The 17th Biennale of Sydney, Australia chose 19 artists from the United States to participate in the 2010 exhibition. Three of the artists selected are represented by Lisa Sette Gallery of Scottsdale, Arizona: Enrique Chagoya, Claudio Dicochea, and Angela Ellsworth.

 

“Deserts and water are the most obvious “inconvenient truths” about human influence on the planet. But, it is precisely this windswept, unkempt, erotic, blasted, forsaken space – literal and imaginative – in which many artists ply their unwanted play – their burnings and yearnings – always burdened with the truth of testimony. Bertolt Brecht once posed the question, “In the dark times / Will there also be singing?” His answer was, “Yes, there will be singing / About the dark times.” In the cathartic world of art, the light often comes from a surviving ability to make palpable the incomprehensible – to make the invisible visible – to make flesh from the ethereal. To imagine the unimaginable, we are ignited to understanding by new stories and images. The desert; the water; the fantastic example of both is one such urgent, enduring imagining.”

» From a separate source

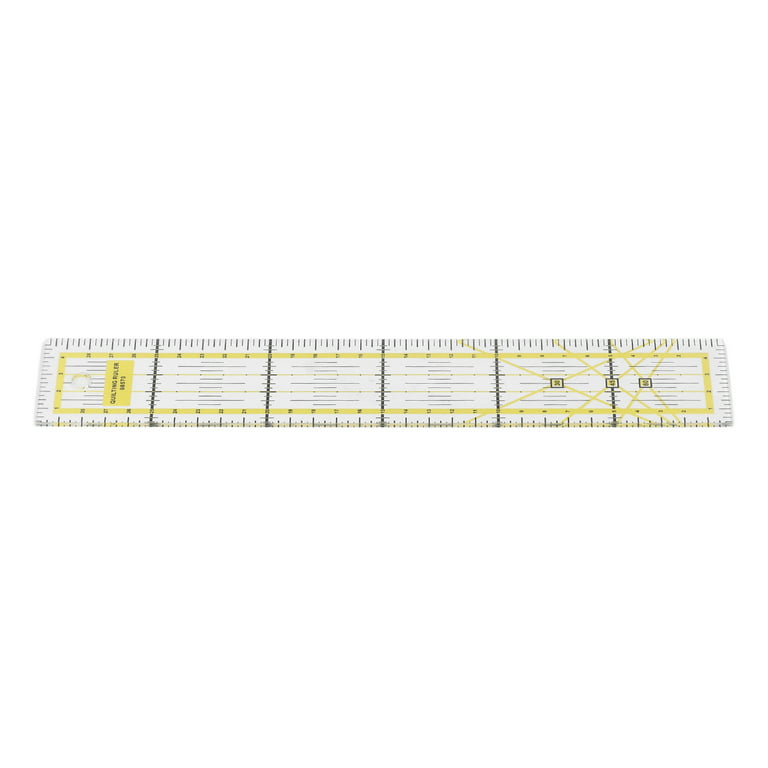 Quilting Ruler, Fabric Ruler High Accuracy Easy To Read For Home For DIY  Sewing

-Bruce W. Ferguson, independent art curator and critic

Angela Ellsworth is an interdisciplinary artist whose startling performance pieces and objects often draw on her own background as a descendant of Mormon pioneers. The Biennale of Sydney will include an installation of nine of Ellsworth’s exquisitely sinister Seer Bonnets—bonnets whose iridescent exteriors, formed entirely by the pearl-tips of tens of thousands of corsage pins, belie their dangerous needle-point interiors. Titled Seer Bonnets: A Continuing Offense, each of the nine bonnets will represent the wives of Ellsworth’s great-great grandfather, who was the fifth prophet of the Mormon Church. Ellsworth is also preparing a performance for inclusion in the Biennale that will take place throughout the event space and involve dancing Mormon “sister-wives.” Writing in ArtForum magazine, Deborah Susser observes: “Ellsworth mines two seemingly dissonant genealogies—a lineage of influential female performance artists and her own Mormon heritage—to produce an unholy hybrid.”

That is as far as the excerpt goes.